Known for his “Jee Huu ni Ungwana” segment on the Kenya Broadcasting Corporation (KBC) Radio and TV platforms, Mbotela had a long and distinguished career in the Kenyan media.
He connected well with audiences across generations, through his powerful voice. According to imdb.com, Mbotela was born in 1940 in Mombasa, Kenya, as the first of eight children, to James and Aida Mbotela.
His father was a teacher who taught in different schools, among them Shimo La Tewa High School and Kabianga High School, while his mother worked with the Maendeleo ya Wanawake organization.
History has it that Mbotelas have Malawian roots. Reports indicate that at the tail end of the slave trade, a ship carrying slaves captured from Malawi was cruising through the East African coast, headed for Europe to sell them.
Just as the trade decree came into effect, the British Navy intercepted the Arab slave ship in Mombasa, freeing all the slaves, including Mbotela's great-grandfather.
Leonard Mambo Mbotela yearned to be a broadcaster from childhood. He liked talking and interacting with people of all kinds. He completed his secondary education in 1962.
After he completed his secondary education at Kitui High School, Mbotela got a job in Nakuru as a trainee reporter with The Standard.
Later, he joined the Voice of Kenya (VOK) now Kenya Broadcasting Corporation in 1964. He created his signature program called “Je Huu ni Ungwana? in 1966, making it the longest program to ever run on Kenyan airwaves.
In 1967, he joined the British Broadcasting Corporation (BBC) in London for a one-year training. His iconic moment as a broadcaster was registered during the 1982 attempted coup.
During the attempt to overthrow the then president, the late Daniel Arap Moi, led by a Kenya Air Force private, Hezekiah Ochuka, Mbotela was captured and forced to announce on live radio and television that the country was under military control, and that the president had been overthrown.

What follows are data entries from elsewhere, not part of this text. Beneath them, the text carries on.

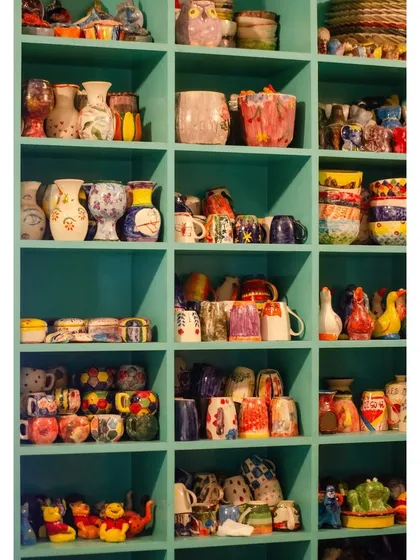 A look at the colourful results of our community's creativity. These shelves are filled with hand-painted ceramics, each one a unique piece of art made by guests just like you.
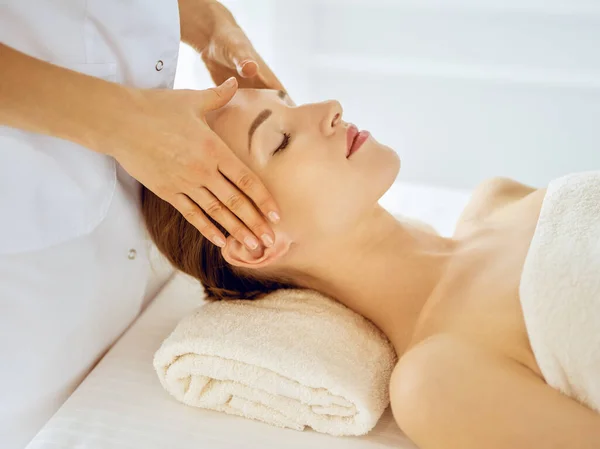 Hermosa mujer disfrutando de masaje facial con los ojos cerrados. Concepto de tratamiento de spa en medicina — Foto de Stock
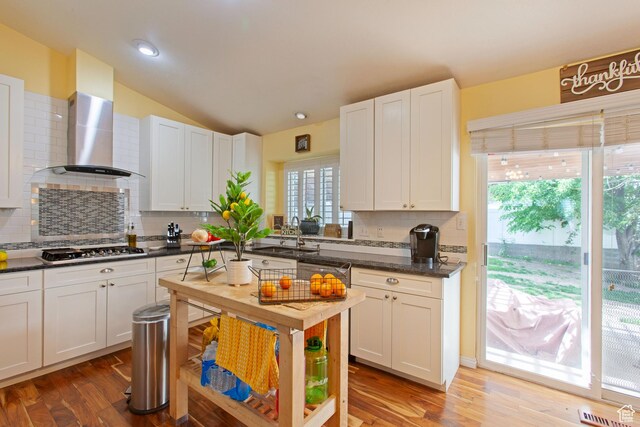 841 W 1235 S, Payson, UT 84651 - kitchen with stainless steel gas cooktop, a sink, decorative backsplash, dark countertops, and wall chimney range hood
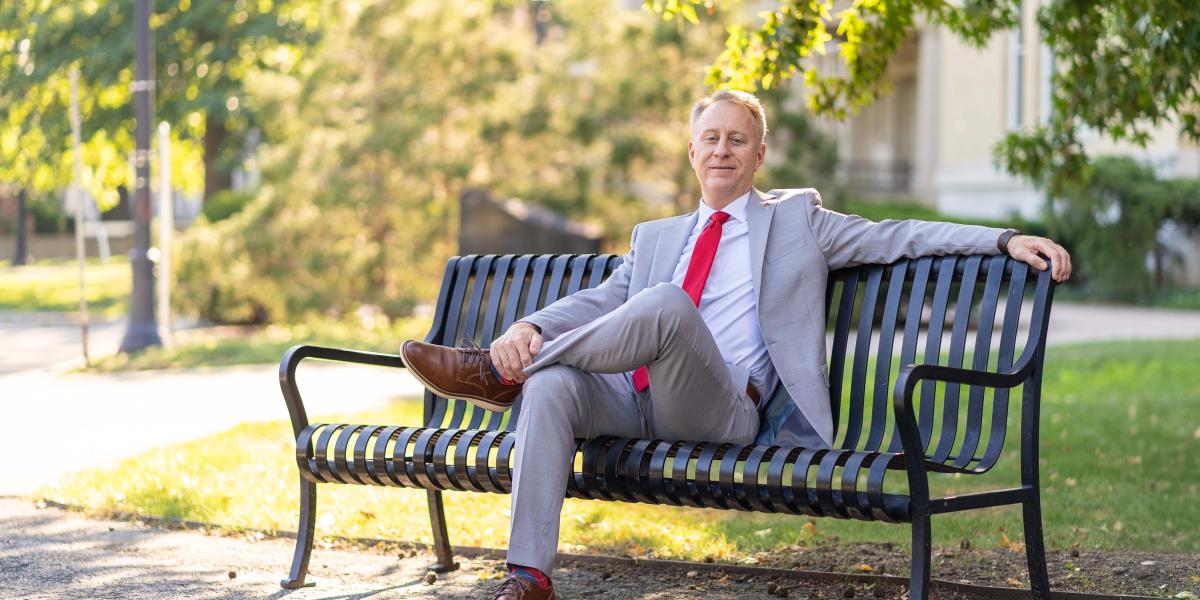 Rob Lowden sitting on a bench.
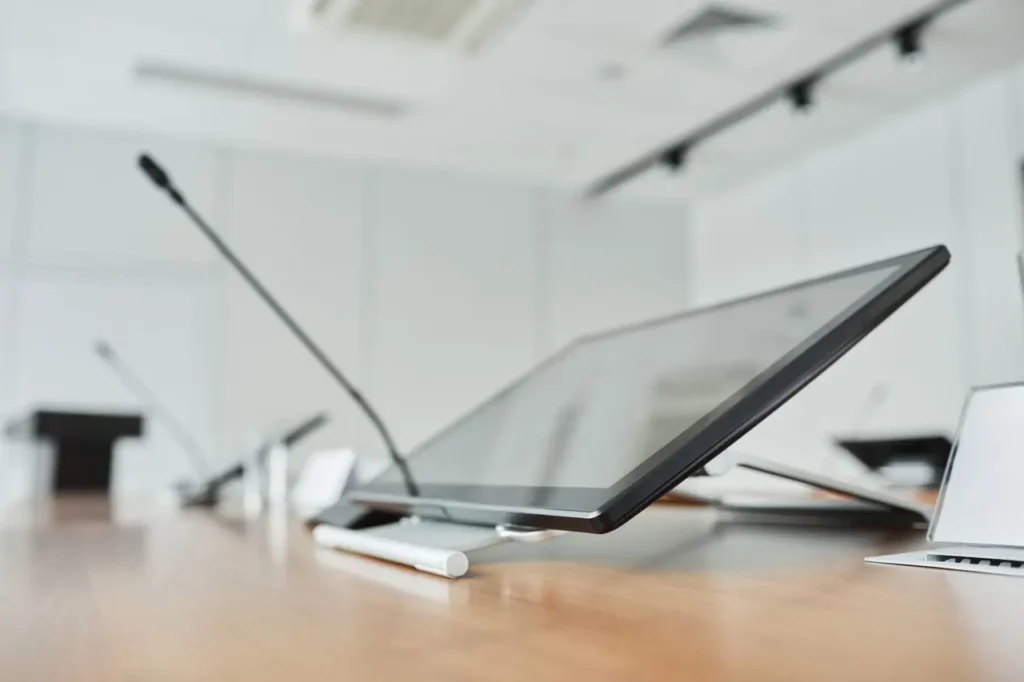 Close-up of a modern conference room with a digital screen and microphones.
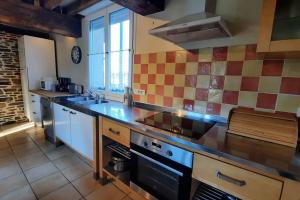 kuchnia ze zlewem i kuchenką w obiekcie Maison La Denolais Carnet Mont-Saint-Michel w mieście Saint-James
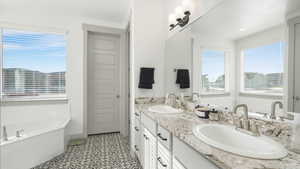 Bathroom featuring vanity, a tub, and tile patterned floors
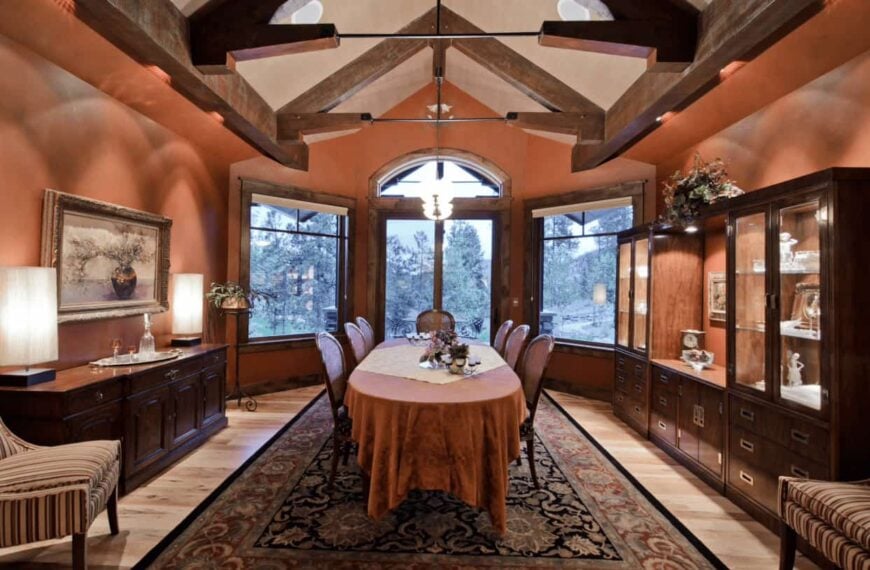 正式的餐厅，轻木地板和拱形天花板框架与木梁。它包括一个经典的餐厅设置在复古区域地毯放置在展示柜和自助餐桌之间。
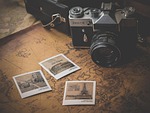 camera photographs souvenir photography photos map trip vacation stock photo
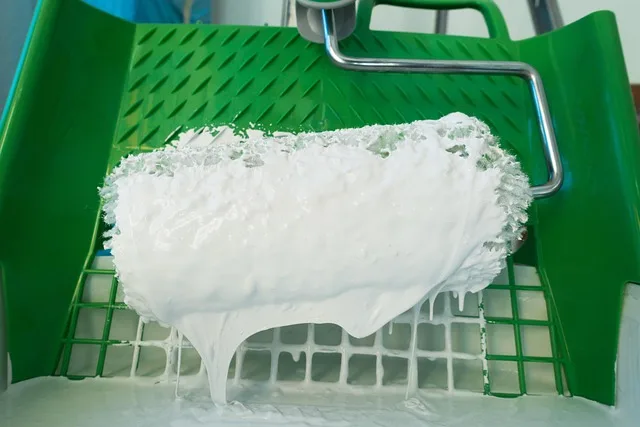 Paint roller loaded with a thick, even coat of white primer over a paint tray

With guns trained on his head, he did as instructed, his voice piercing through the ears of Kenyans who were still not aware of what was going on. The situation was then put under control by the General Service Unit (GSU) and later the regular Police led by Major General Mahamoud Mohamed.
Mbotela was then asked to go back to the microphone, this time to announce that the rebels had been crashed, and that the country was under the president's control.
He retired in 2022 as Kenya's longest-serving broadcaster, after being on air for, get this, 58 years. He is survived by wife and three children.